- [SUPPLIED MATERIAL]:
= Beginning of Section =

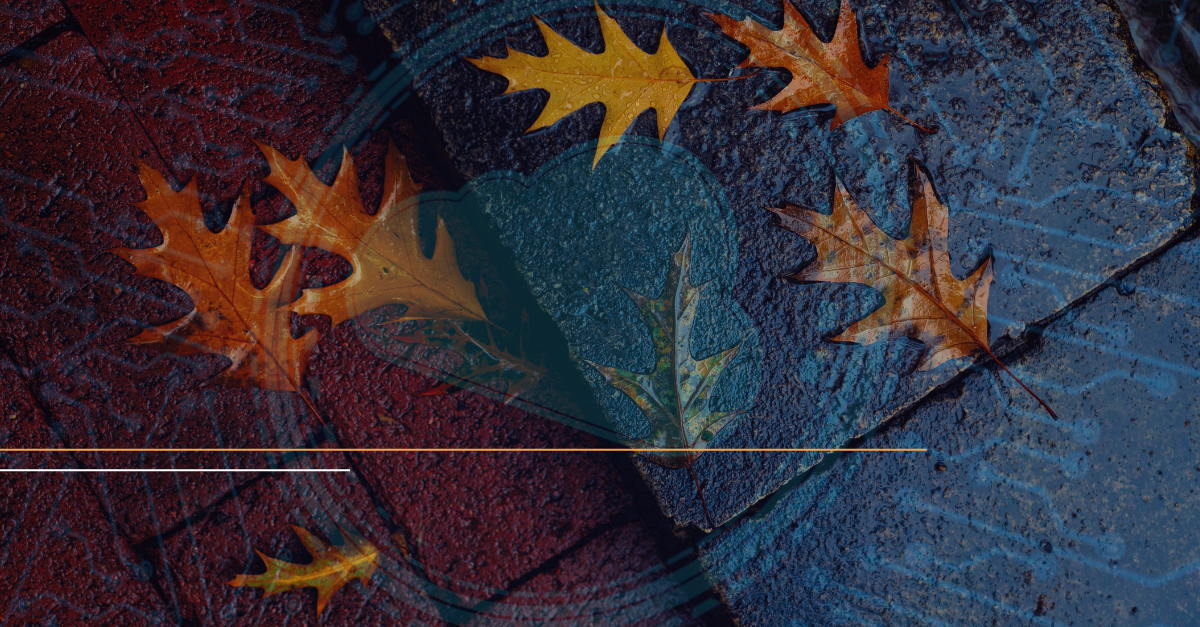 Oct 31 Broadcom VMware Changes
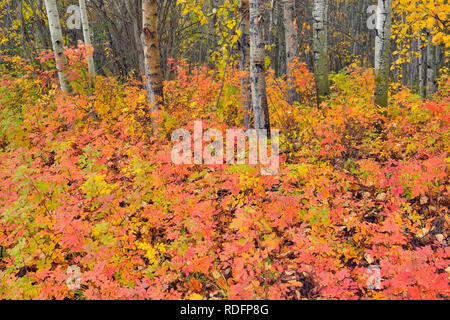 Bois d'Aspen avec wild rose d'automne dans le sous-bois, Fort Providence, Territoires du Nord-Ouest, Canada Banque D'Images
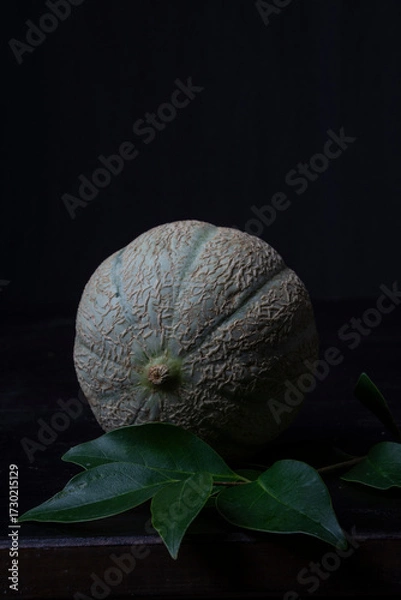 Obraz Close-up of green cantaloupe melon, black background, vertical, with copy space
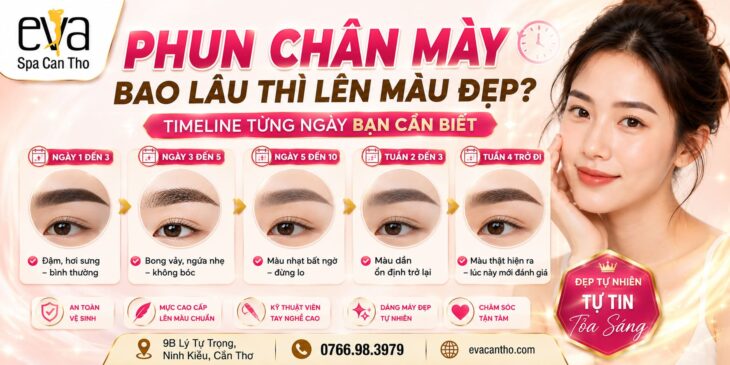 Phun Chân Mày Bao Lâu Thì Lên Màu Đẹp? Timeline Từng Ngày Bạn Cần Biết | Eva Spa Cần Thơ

= End of Section =

- [TASK TO CARRY OUT]: Reproduce the material exactly; keep pictures out.

- [EXERCISE OUTPUT]:
 Oct 31 Broadcom VMware Changes
 Bois d'Aspen avec wild rose d'automne dans le sous-bois, Fort Providence, Territoires du Nord-Ouest, Canada Banque D'Images
 Obraz Close-up of green cantaloupe melon, black background, vertical, with copy space
 Phun Chân Mày Bao Lâu Thì Lên Màu Đẹp? Timeline Từng Ngày Bạn Cần Biết | Eva Spa Cần Thơ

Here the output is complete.